_Goal of the exercise_: Copy, word for word, the lines of the listing below from the line with "Dressed To Thrill" up to and including the line with "Toma and ana". Drop the pictures.

_Data listing_:
##########
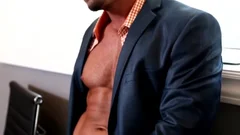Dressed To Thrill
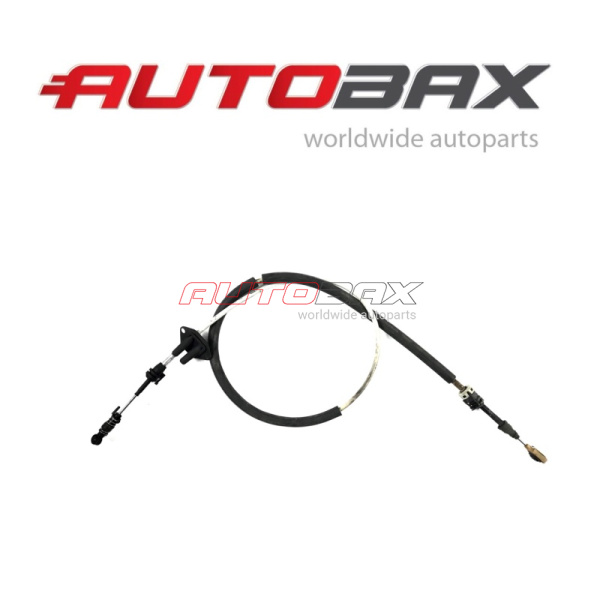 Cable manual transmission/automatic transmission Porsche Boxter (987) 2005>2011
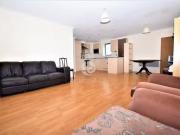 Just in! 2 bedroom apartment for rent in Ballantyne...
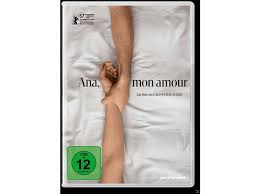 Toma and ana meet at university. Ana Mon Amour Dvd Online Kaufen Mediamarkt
##########
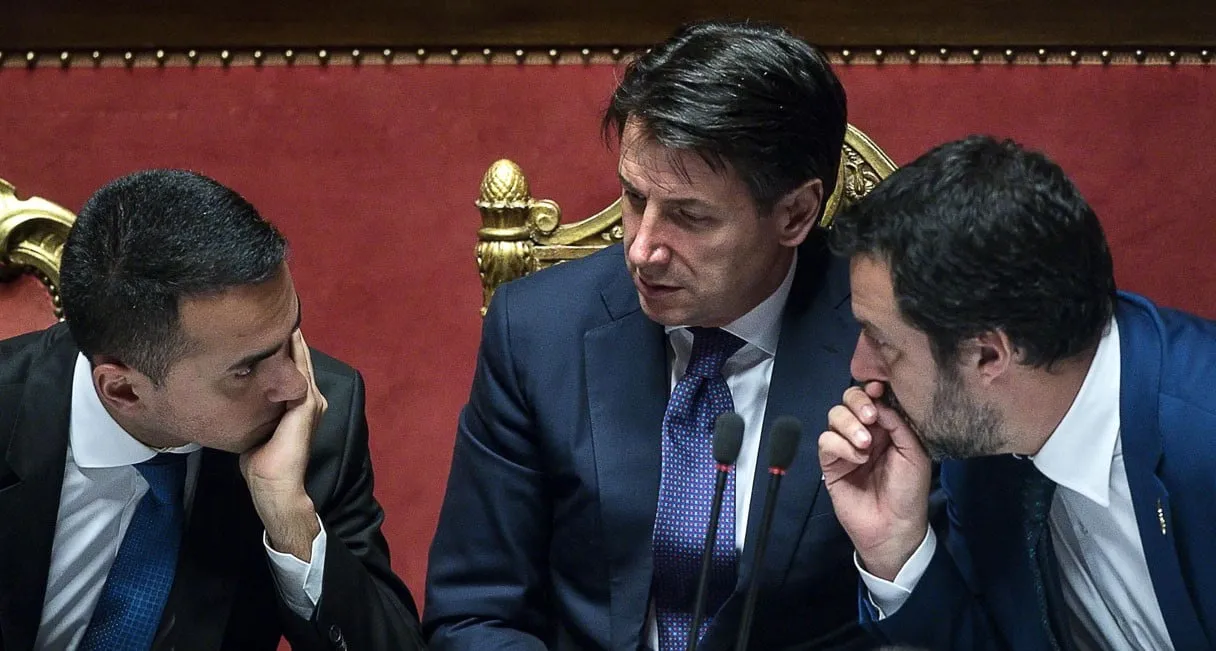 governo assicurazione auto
##########
_Your solution_:
Dressed To Thrill
 Cable manual transmission/automatic transmission Porsche Boxter (987) 2005>2011
 Just in! 2 bedroom apartment for rent in Ballantyne...
 Toma and ana meet at university. Ana Mon Amour Dvd Online Kaufen Mediamarkt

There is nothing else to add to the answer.